Maria Woodworth-Etter the Mother of Pentecost
David Littlewood looks at the life of evangelist Maria Woodworth-Etter.
“She goes at it like a footpad [highwayman] tackles his prey. By some supernatural power she just knocks ’em silly when they are not looking for it, and while they are down she applies the hydraulic pressure and pumps the grace of God into them by the bucketful.”
This was part of an 1885 newspaper report of meetings held by a remarkable woman evangelist in which hundreds found Christ.

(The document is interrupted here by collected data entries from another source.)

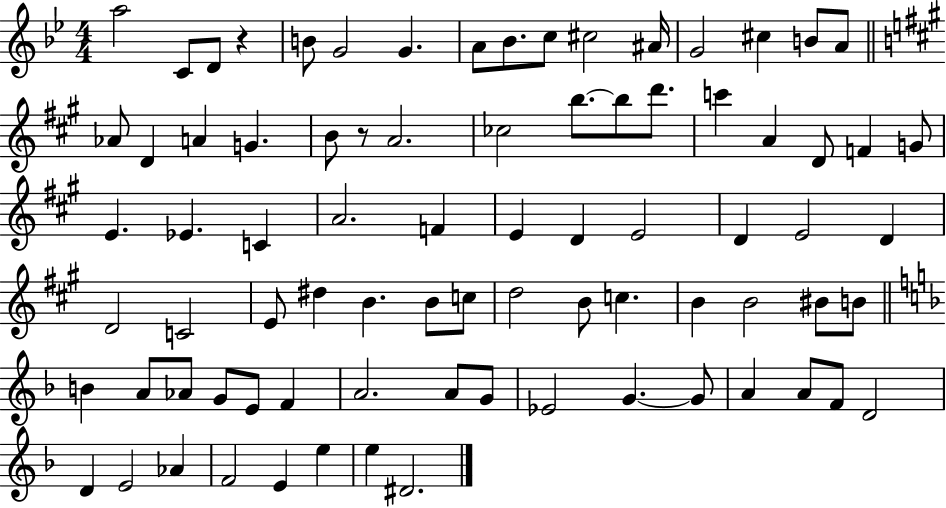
{
  \clef treble
  \numericTimeSignature
  \time 4/4
  \key bes \major
  a''2 c'8 d'8 r4 | b'8 g'2 g'4. | a'8 bes'8. c''8 cis''2 ais'16 | g'2 cis''4 b'8 a'8 | \break \bar "||" \break \key a \major aes'8 d'4 a'4 g'4. | b'8 r8 a'2. | ces''2 b''8.~~ b''8 d'''8. | c'''4 a'4 d'8 f'4 g'8 | \break e'4. ees'4. c'4 | a'2. f'4 | e'4 d'4 e'2 | d'4 e'2 d'4 | \break d'2 c'2 | e'8 dis''4 b'4. b'8 c''8 | d''2 b'8 c''4. | b'4 b'2 bis'8 b'8 | \break \bar "||" \break \key f \major b'4 a'8 aes'8 g'8 e'8 f'4 | a'2. a'8 g'8 | ees'2 g'4.~~ g'8 | a'4 a'8 f'8 d'2 | \break d'4 e'2 aes'4 | f'2 e'4 e''4 | e''4 dis'2. | \bar "|."
}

So many, in fact, that the police said they had never seen such a change in their city, which had been so cleaned up they had nothing to do!
The evangelist was Maria Woodworth-Etter, a woman who Pentecostal historian Carl Brumback described as ‘looking just like your grandmother, but who exercised tremendous spiritual authority over sin, disease, and demons’.
Like many of the Pentecostal pioneers of her generation, Maria (pronounced Mar-eye-ah) was brought up with little education, having been born on a farm in Lisbon, Ohio, in 1844. The tragic death of her father when she was just twelve years of age meant she had to drop out of school and led to the lack of education that later disqualified her from any formal theological training.
Maria was born again at the beginning of the Third Great Awakening at the age of 13 and immediately heard the call of God: “I heard the voice of Jesus calling me to go out into the highways and hedges and gather in the lost sheep.”